Müzik matematiktir. Çocuğunuzun matematiği sevmesi için müzik eğitimi alması gerektiğini kabul etmek zorundasınız.

Ama hangi müzik? İşte bu konuda yine matematik devreye girer.

Müzik dinlemek veya müzik eğitimi zahmetli ve uzun bir uğraştır. Tıpkı matematiği sevmek gibi, müziği sevmek için de çaba gerekir. Kurallar birbirine benzer. Matematik nasıl soyut bir sistemler manzumesiyse, müzik de aynı şekilde soyut bir manzumeler dizisidir. Ancak kendi içinde şaşmaz kuralları vardır. Bir notanın arkasından aklınıza gelen başka bir nota asla gelmez.

Bir müzisyenin kafası da tıpkı matematikçinin kafası gibi çalışır: Özellikle orkestra şefleri için bu daha da belirgindir. Kulakları gelen sesleri ses değil de “nota” olarak algılamaya başladığı andan itibaren, şefliğe önemli ölçüde adım atmışlar demektir.

Bu aslında artık “yüksek matematik” gibi bir şeydir. Burada esnafın kullandığı “aritmetik” ile matematiği asla karıştırmamak gerek.

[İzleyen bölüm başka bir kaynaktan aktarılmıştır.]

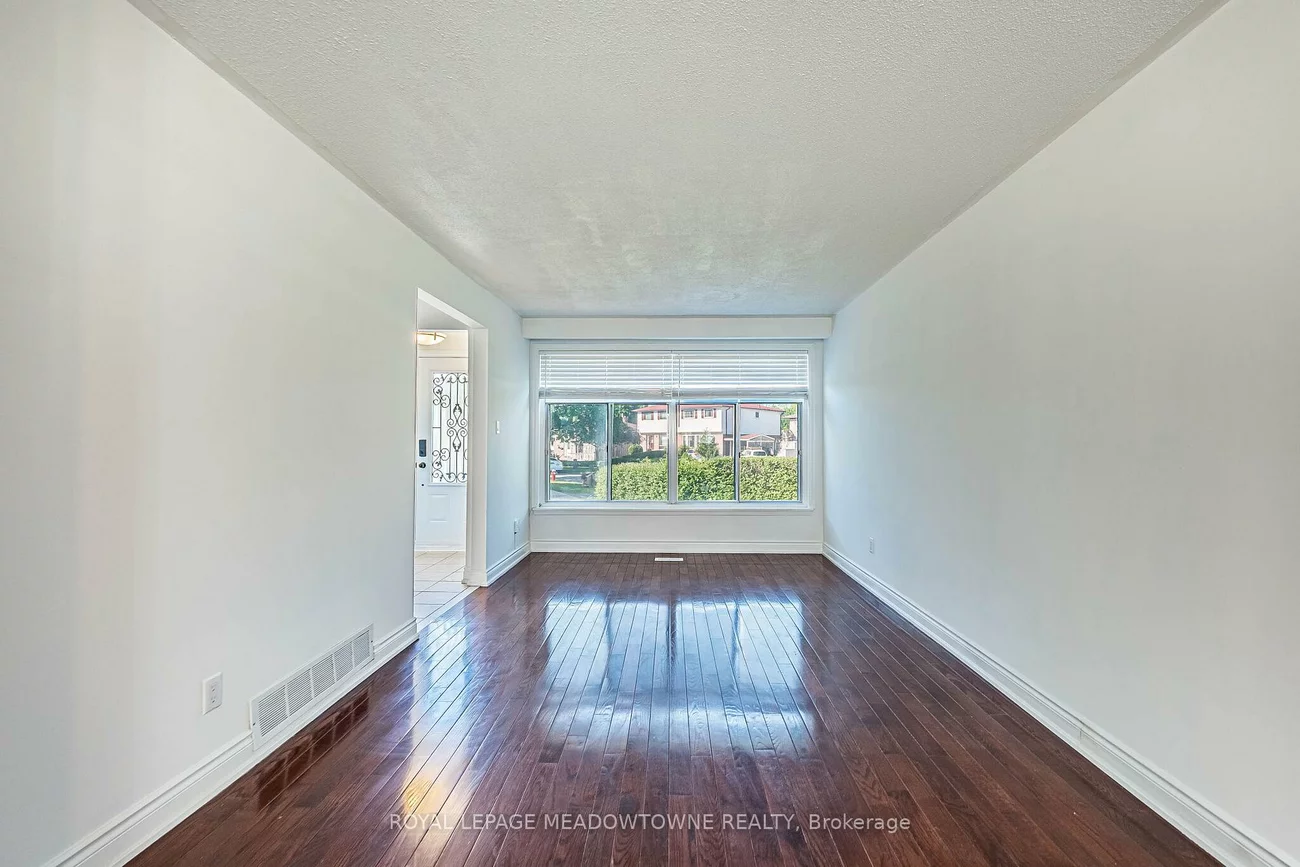 2155, Pashak, Cooksville, Mississauga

Bütün son dönemde yaşanan tartışmalar işte bu “aritmetik” ile “matematik” arasında geçen tartışmadır.

Aritmetik kolaydır. Bir bakkala girersiniz veya bir dolmuşa binersiniz. Avucunuza arka sıralardaki yolcuların da paraları olmak üzere bir avuç parayı şoföre uzatırsınız. Siz daha hesaplamaya başlamadan, şoför size para üstünü her kişi için ayrı ayrı uzatmaya başlar.

Aritmetiğin sonsuza ihtiyacı asla olmaz, çünkü bir yaratıcılık kullanmaz ve yalnızca hesap işiyle ilgilidir.

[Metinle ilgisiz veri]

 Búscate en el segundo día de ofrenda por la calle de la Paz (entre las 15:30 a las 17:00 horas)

Ülkemizde müzik eğitimine büyük önem veren Mustafa Kemal, cumhuriyetin ilk yıllarında bu işin en büyük ustaları kabul edilen Yahudi asıllı Almanlara bu nedenle görev vermiştir. Onların açtığı yoldan dünya çapında birçok müzisyen yetişmiştir.

Ama yıllara bağlı olarak gelişen piyasa müziği gerek halk müziğini gerekse çok sesli müziği hep geri plana itmiş, çocuklarımızın da müziğe ve matematiğe olan ilgileri körelmiştir.

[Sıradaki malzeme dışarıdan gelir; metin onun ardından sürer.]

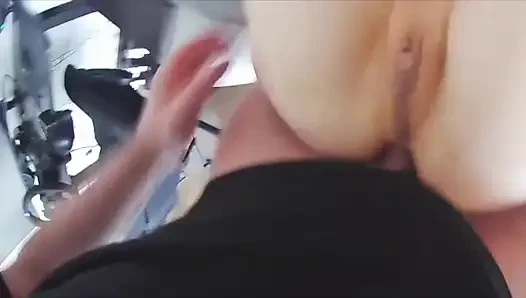 Evli kadın kocasını en iyi arkadaşıyla aldatıyor. Gerçek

Cahit Arf gibi bir matematik dehası yetiştiren bu toplum, maalesef daha sonra yanlış eğitim sistemi matematiğin “korku” haline dönüşmesine neden olmuştur. Cahit Arf, 1910 – 1997 yılları arasında yaşamış dünyaca ünlü matematikçi. Cisimlerin kuadratik formlarının sınıflandırılmasında ortaya çıkan ve kendi adıyla anılan “Arf Sabiti“, “Arf Halkaları” ve “Arf Kapanışları” gibi terimleri bularak, matematik ve bilim dünyasına önemli katkılarda bulundu

Bütün ana ve babalara, bütün ebeveyn olanlara sesleniyorum: Çocuklarınıza mutlaka müzik eğitimi almaları olanağı tanıyın. Bakın ondan sonra karnelerinde matematik notunu hiç merak edecek misiniz?

Matematiği sevmenin birinci koşulu aritmetikten kurtulmaktır.

Müziği sevmenin de koşulu iyi bir eğitimden geçmektir.

Çarpım tablosunu ezberleyen çocuğunuzun matematiği öğrendiğini sanmayın sakın.